When he got to second base, Sandberg looked into his dugout to bench coach Larry Bowa, who checks the replay and signals the manager either with a thumbs-up or a palms-down "no" indication to let him know if he should challenge the call.

But instead of one of those two signals, Bowa gave a palms-up "I don't know" shrug.

"That's not what I was looking for. That's a new sign he just threw in in the moment," Sandberg said with a laugh after the Phillies defeated Atlanta, 1-0, behind a strong seven-inning start from A.J. Burnett.

In the end, Sandberg went for the challenge and, after a 1-minute, 47-second review, Simmons was ruled out.

"I looked up at the scoreboard, fifth inning, and the way A.J. was pitching in an 0-0 game," he said. "If it's inconclusive, let's take a shot right there.

"It was one of those things, to use one before it gets too late before the seventh. The way he was pitching, a bloop right there or something, that could be a run. So it was worth the risk."

Sandberg said he didn't see Simmons' hand come off until after he got back to the bench.

Hamels tune-up

In what was expected to be his final rehab outing, Cole Hamels went seven innings, giving up three hits and one run, on a home run, for Clearwater. The lefthander, who is recovering from left-biceps tendinitis, is scheduled to join the Phillies rotation next week in Los Angeles.

The pitch count

If Cliff Lee seemed unconcerned about throwing a career-high 128 pitches during his 1-0 loss to the Braves Wednesday night, he has good reason.

It was the 17th time in his career that he has logged at least 120 pitches in a game. One of the other times was during the final game of the 2006 season with Cleveland. In the 15 games he went to the mound in the same season following a 120-pitch or more outing, Lee is 10-2 with three no-decisions and a 2.10 earned run average.

That includes 11 starts in which he allowed two earned runs or fewer and five starts in which he did not allow a run.

"I felt strong on the last pitch and I felt strong on the first pitch," Lee said Wednesday. "That's what you want to do. You want to be a guy that they're going to let go back there after you've thrown 100-plus pitches and pitch the ninth inning. That's what I expect to do and I'm glad they allow me to do that.

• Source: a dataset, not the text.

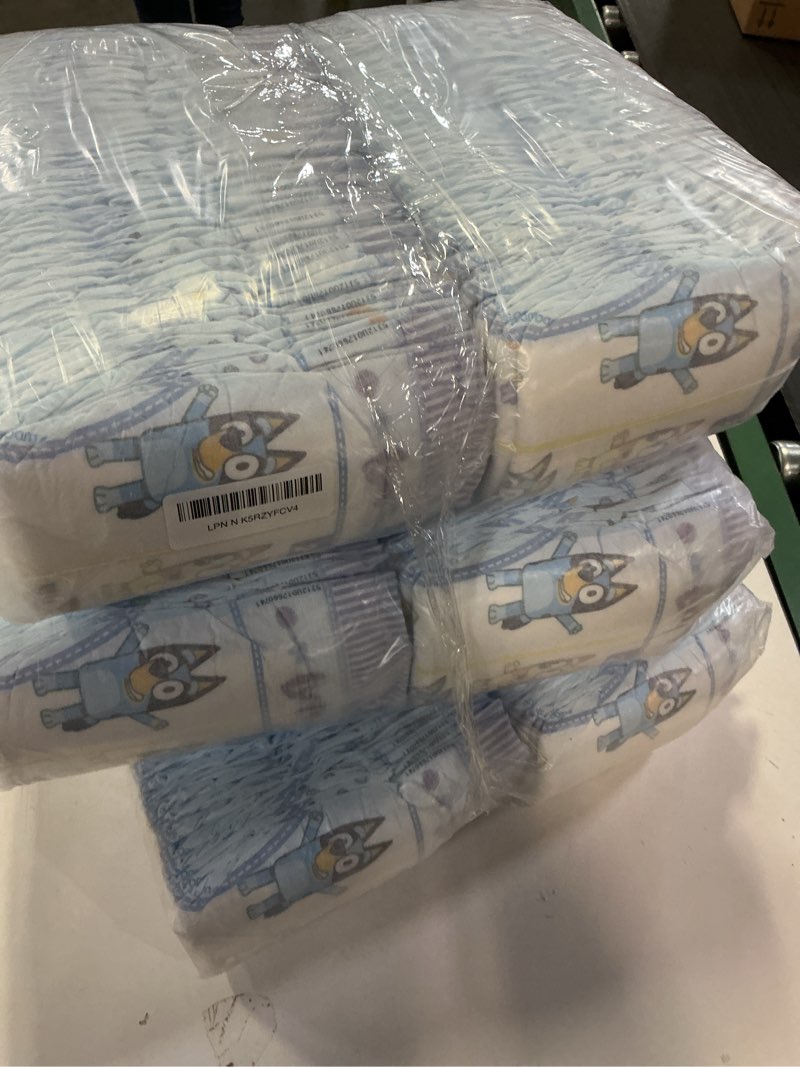 Condition photo showing New/Like New for (Size:2)Luvs Size 2 Baby Diapers, Platinum Protection Bluey Diapers for Day & Night, Size 2, 264 Count (Packaging May Vary) Size 2 264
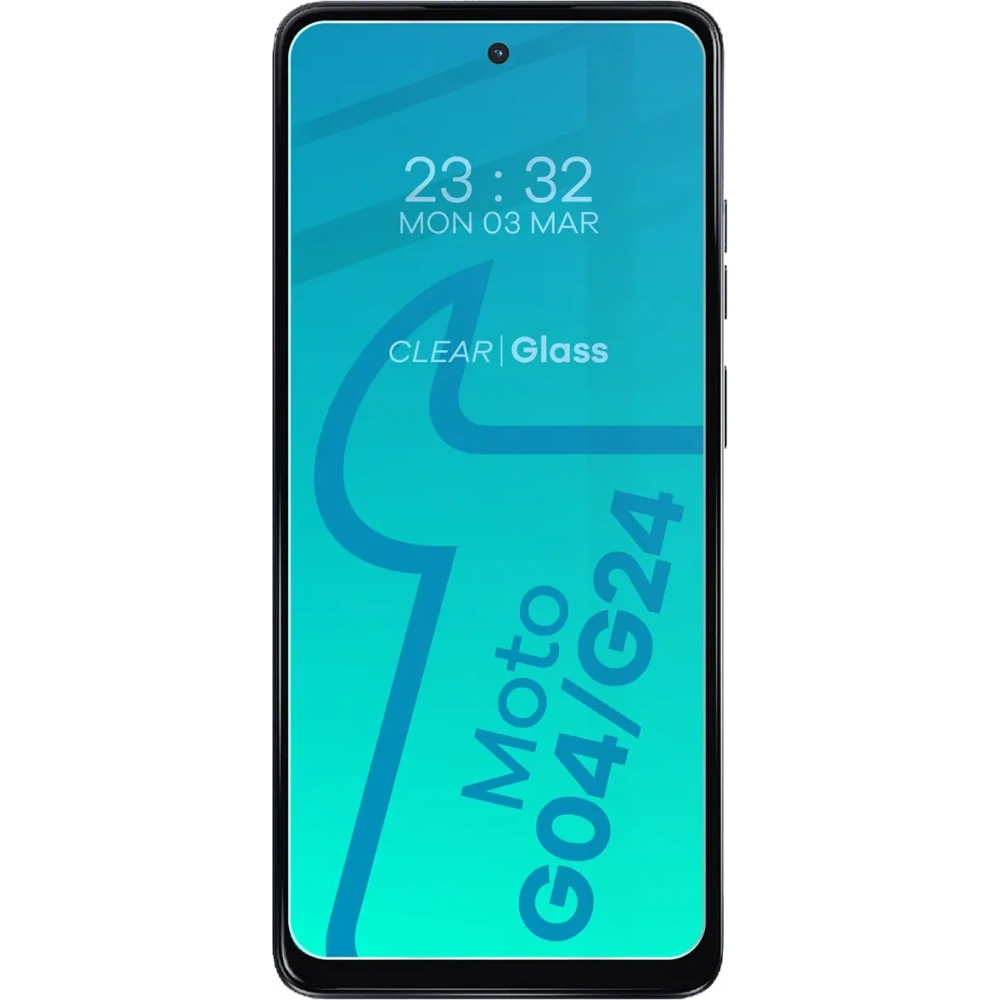 3x Szkło na ekran + szkło na aparat Bizon Clear do Motorola Moto G04/G24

That's what I work in the offseason for and prepare my body to do, so it's not anything crazy to me."

Lee is scheduled to pitch again Monday against the Dodgers in Los Angeles.

On to the West

The Phillies open a three-city, 10-game road trip Friday night against Colorado, with righthander Jonathan Pettibone (0-0, 1.80 ERA) going up against the Rockies' Tyler Chatwood (0-0, 6.00).

The Phillies' Kyle Kendrick (0-1, 3.50) will start Saturday night against Jordan Lyles (2-0, 4.32), and Roberto Hernandez (1-0, 3.86) will go in the series wrapup Sunday against Juan Nicasio (2-0. 3.50).